Work order: Repeat exactly the line with "Sexy Fashion Women's" and each line after it to the end of the data below; pictures stay out.
─── Data for the task
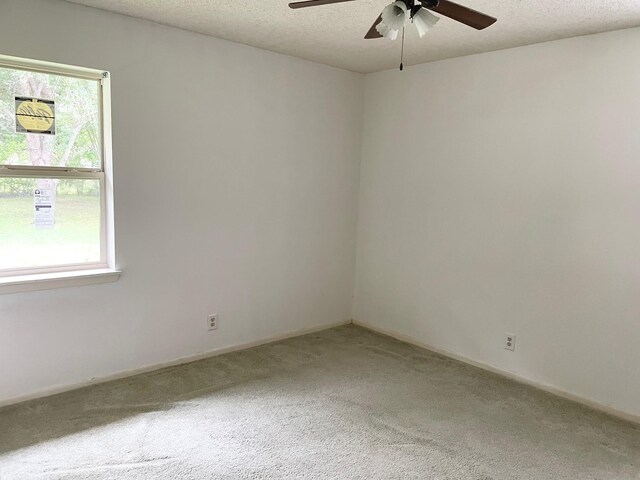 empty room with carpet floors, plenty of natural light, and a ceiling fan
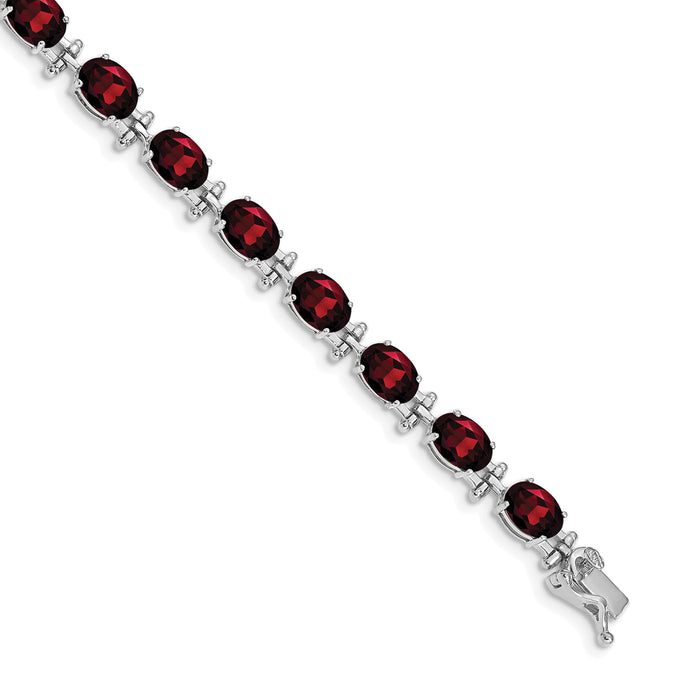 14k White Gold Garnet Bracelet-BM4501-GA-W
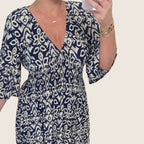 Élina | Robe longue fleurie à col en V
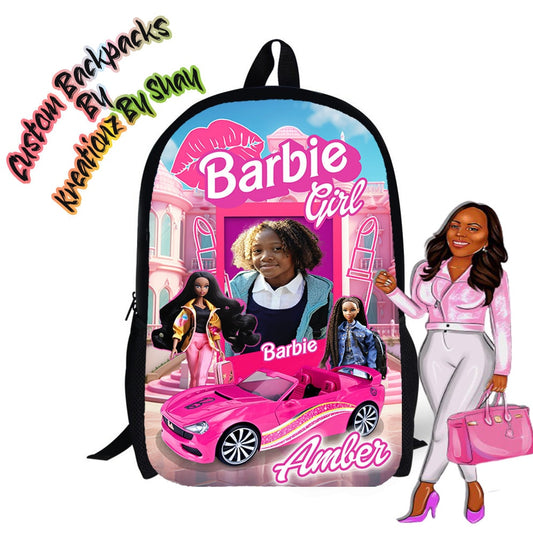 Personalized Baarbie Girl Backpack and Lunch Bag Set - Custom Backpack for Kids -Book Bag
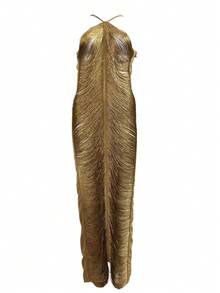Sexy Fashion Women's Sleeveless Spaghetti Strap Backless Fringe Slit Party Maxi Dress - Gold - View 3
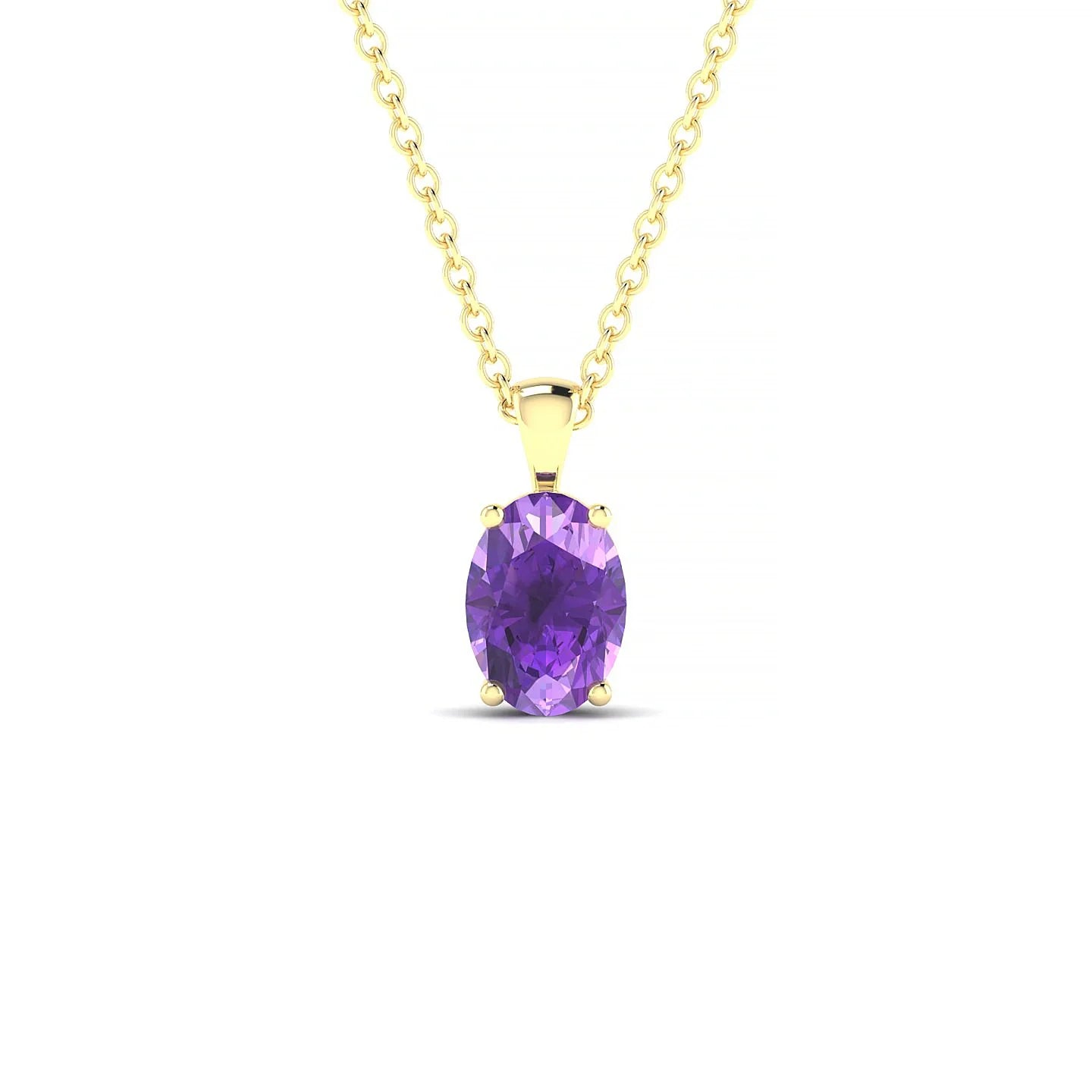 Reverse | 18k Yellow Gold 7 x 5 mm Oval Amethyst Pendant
──────
Written response:
Sexy Fashion Women's Sleeveless Spaghetti Strap Backless Fringe Slit Party Maxi Dress - Gold - View 3
 Reverse | 18k Yellow Gold 7 x 5 mm Oval Amethyst Pendant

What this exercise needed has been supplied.